Neural Networks Warehouse
Artificial Intelligence Depot
"As knowledge increases, ignorance unfolds." -Kennedy
KNOWLEDGE MESSAGES SUBMIT SEARCH  
backprop 'stability-plasticity' dilemma - any simple solutions ??
 
• backprop 'stability-plasticity' dilemma - any simple solutions ??

First of all, I'm a fairly non-academic engineer, so I'll probably not describe this correctly - so I apologise in advance for talking drivel !

Anyway, I have a small backprop trained NN that works well after being trained with data collected from an industrial process. However, after it has been used a while, I have some new data I wish to add to its training set - when I tried to do this by simply training with just the new data ( starting with the previously trained weights ) it *forgot* all the previous stuff.

I am led to believe that this is a well-known phenomena called the 'stability-plasticity' dilemma, I've researched it a little and have found papers on this and 'catastrophic forgettting' ( excellent name I think ) . . . the papers seem to be quite complex and don't seem to offer a simple solution to this.

Worst case I can add the new training set to the original training sets and retrain, but this will of course get slower and slower as new sets are added.

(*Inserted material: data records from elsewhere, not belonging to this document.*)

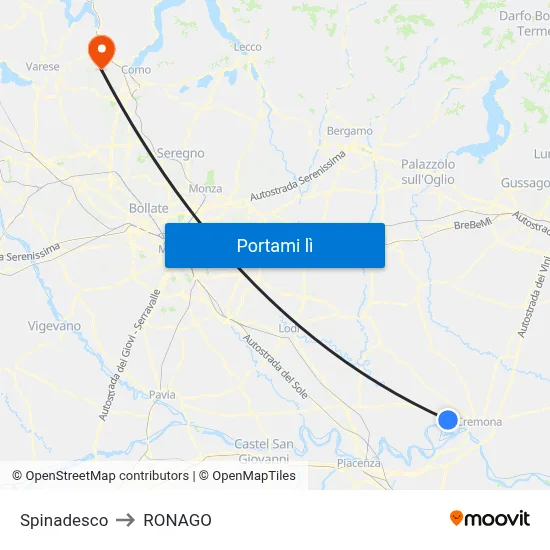 Spinadesco to RONAGO map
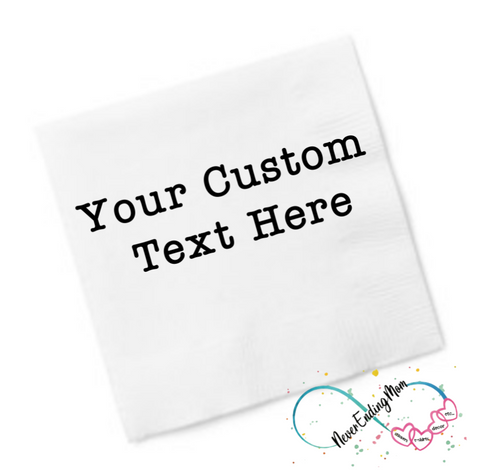 Custom Party Napkins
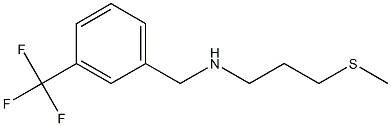 [3-(methylsulfanyl)propyl]({[3-(trifluoromethyl)phenyl]methyl})amine Struktur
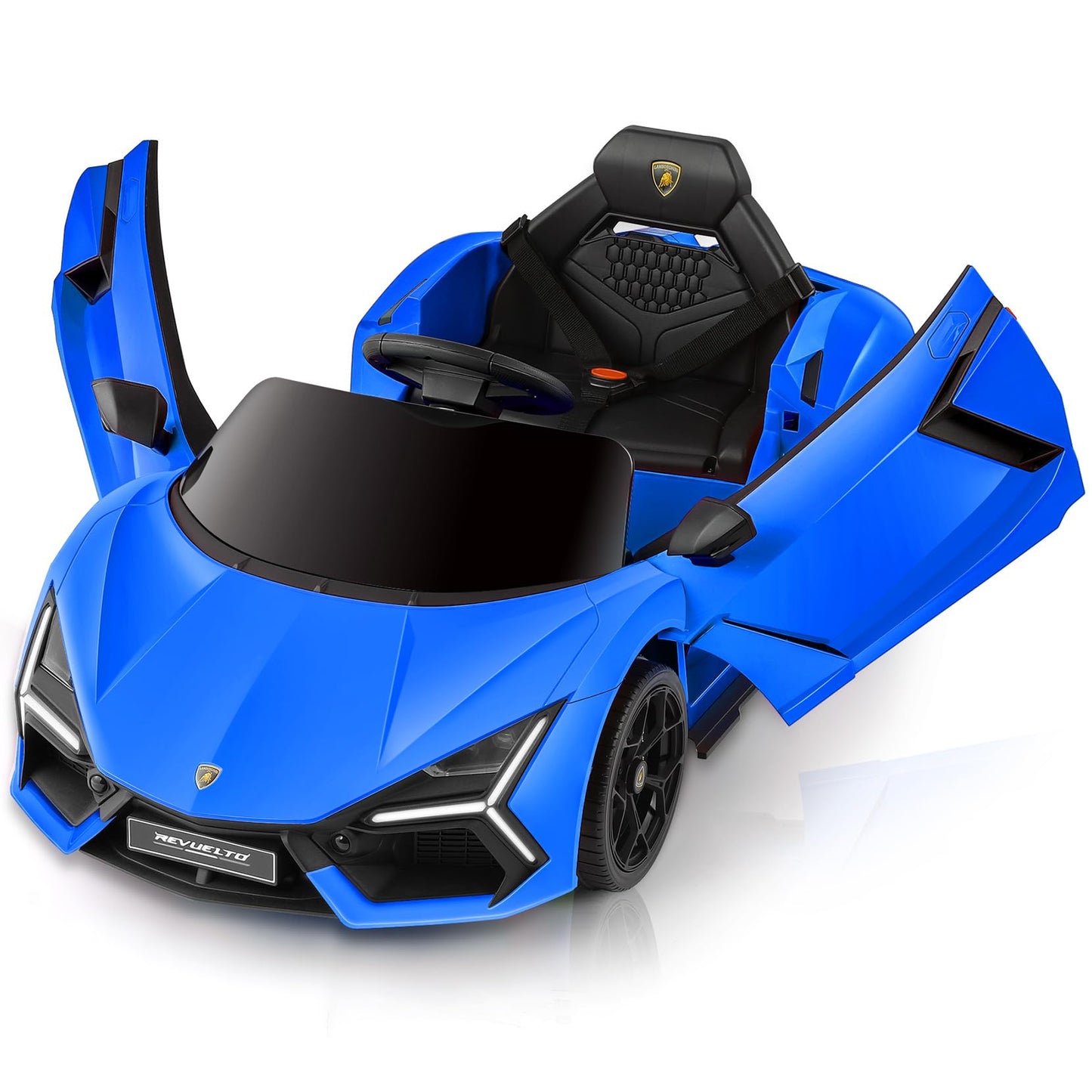 Lamborghini Kids Ride On Car 12V – Remote Control, Scissor Doors, Bluetooth & LED Lights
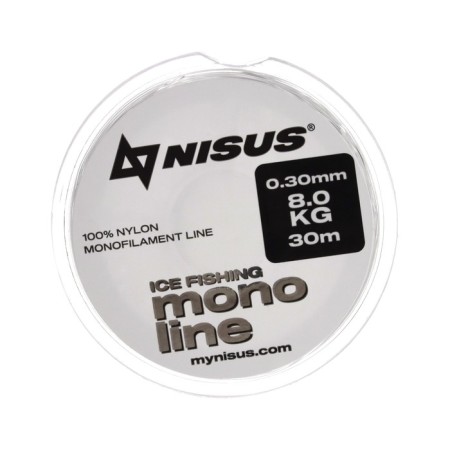 NISUS Monoline Universal Flacks, diameter 0.30 mm, test 8 kg, 30 m, transparent-1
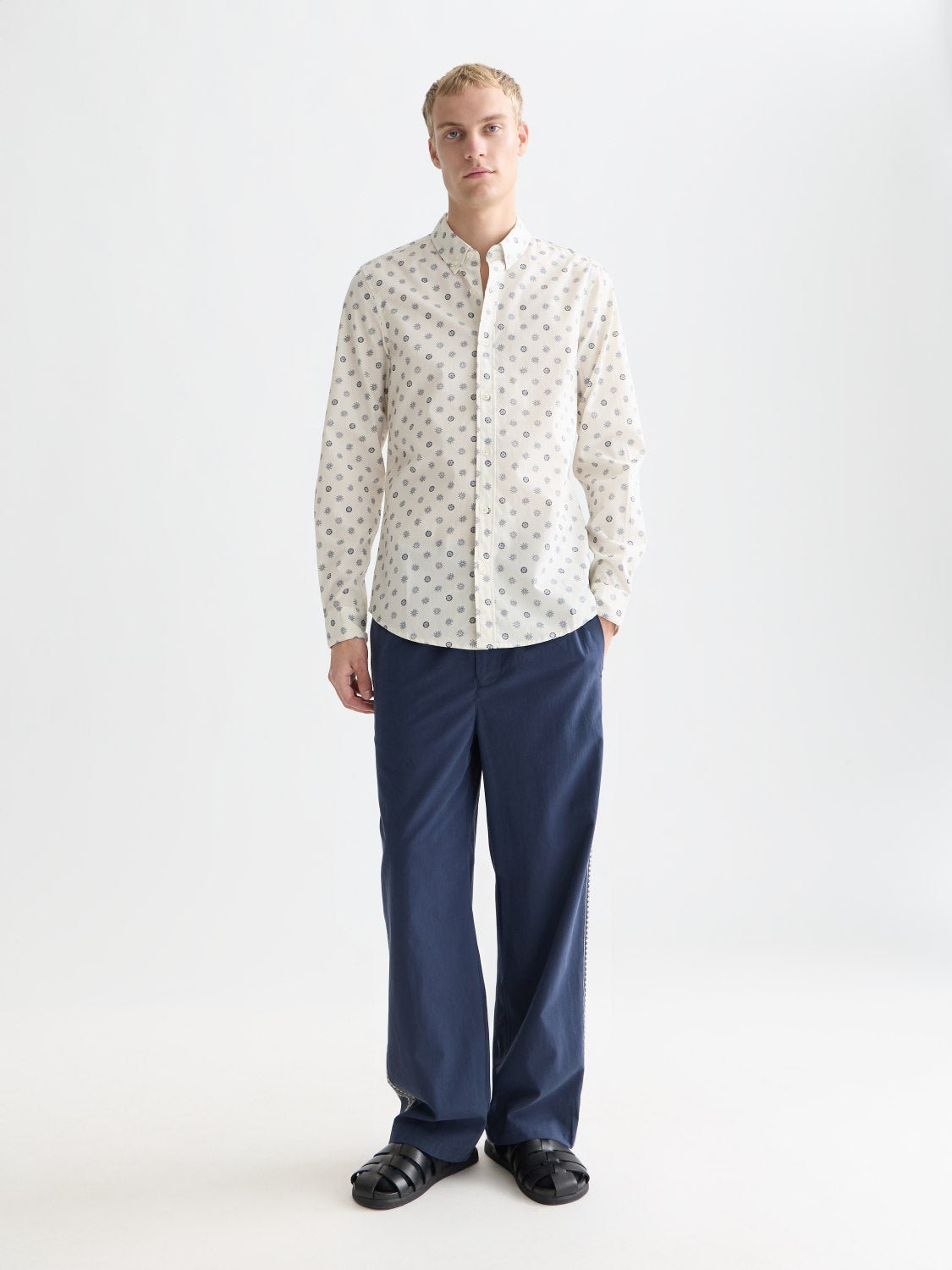 Microprint Poplin Slimfit Shirt - Scotch & Soda South Africa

My question is, is there a simple solution to this, which will allow me to retrain with just the new set, but retain the previous training ??

thanks, Gav

1 posts.
Friday 26 September, 05:27
Reply
• Neural network capacity (and consequent "forgetting")

You may combine the new training data with the old to have the neural network learn all of it. As you mention, this will increase resource requirements over time. It may be possible to minimize this issue by sub-sampling the data or by producing some enhancement to the neural architecture (some modeling systems are better at incremental learning than others). Ultimately, though, one must realize that as more data is collected, more is being expected of the neural network- it seems only reasonable that resource requirements would rise.

249 posts.
Friday 26 September, 09:38
Reply
• SPD and catastrophic forgetting

Robins addressed this problem by using psuedo-rehearsal. That is, after he trained a network to criterion, he turned off the learning and used random input vectors (0 or 1 at random) to generate outputs that reflected the current state of weight space. He then blended those random vectors and the network outputs (as I/O teaching pairs) into the new data set.

1 posts.
Sunday 01 October, 13:53
Reply